Sono almeno 62 le vittime dell’attentato che ieri ha colpito una moschea nella provincia orientale afghana di Nangarhar, al confine con il Pakistan. Un bilancio provvisorio, destinato ad aggravarsi a causa della condizione di alcuni dei 40 feriti. Colpiti durante la preghiera del venerdì in una moschea del distretto di Haska Mena, 50 km circa dal capoluogo della provincia, Jalalabad. La strage non è stata rivendicata, ma gli occhi sono puntati sulla «Provincia del Khorasan», la branca locale dello Stato islamico di Abu Bakr al-Baghdadi, già responsabile di stragi efferate in Afghanistan. La provincia di Nangarhar è una di quelle in cui il gruppo è più attivo, insieme a quelle di Kunar e, al nord, del Badakhshan.

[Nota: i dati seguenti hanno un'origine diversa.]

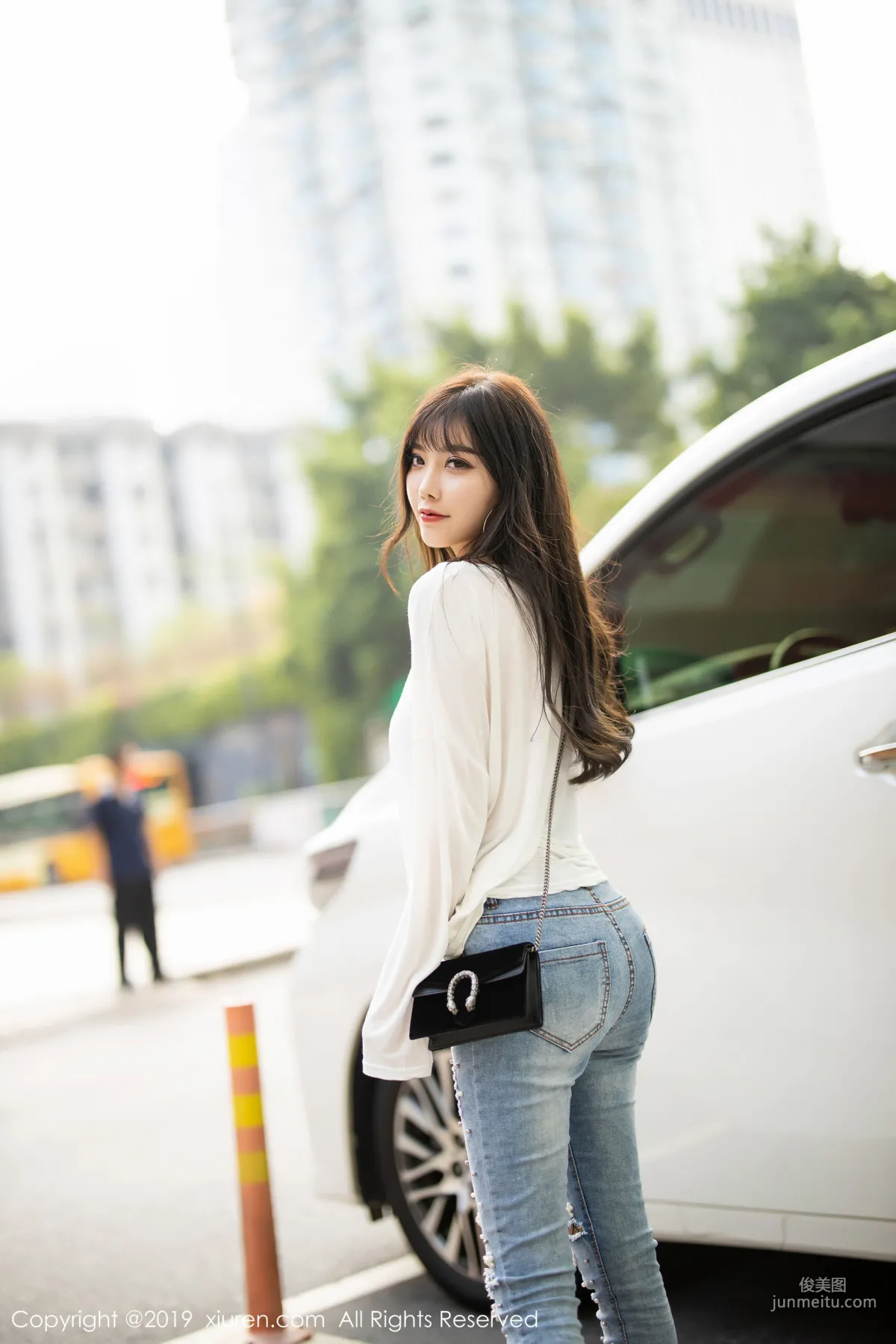 Yang Chenchen sugar "Net Stockings, Beautiful Legs, Curves Temptation" [XiuRen] No.1746 Photo Set photo 1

L’attentato è avvenuto il giorno successivo alla pubblicazione dell’ultimo rapporto di Unama, la missione dell’Onu a Kabul, sulle vittime civili. Nei primi 9 mesi del 2019, sono 2.653 i civili afghani rimasti uccisi. Per il 47%, la responsabilità va ricondotta ai gruppi antigovernativi (Talebani e Isis), che hanno ucciso 1207 persone; per il 45%, alle forze pro-governative, incluse quelle straniere (1149 morti). I feriti sono stati invece 5.676, secondo l’Onu. Complessivamente, i civili feriti o morti nei primi 9 mesi del 2019 rappresentano il 42% in più rispetto allo stesso periodo dell’anno scorso. Una tendenza che non è stata interrotta né invertita nel corso dei colloqui che per mesi hanno impegnato a Doha l’inviato del presidente Usa, Zalmay Khalilzad, e una delegazione talebana.

Il negoziato, che aveva portato all’intesa su un accordo la cui firma sembrava imminente agli inizi di settembre, è stato interrotto inaspettatamente il 7 settembre da Donald Trump. Nelle ultime settimane i due fronti sono tornati ad avvicinarsi, ma formalmente i colloqui sono ancora sospesi. E la guerra continua.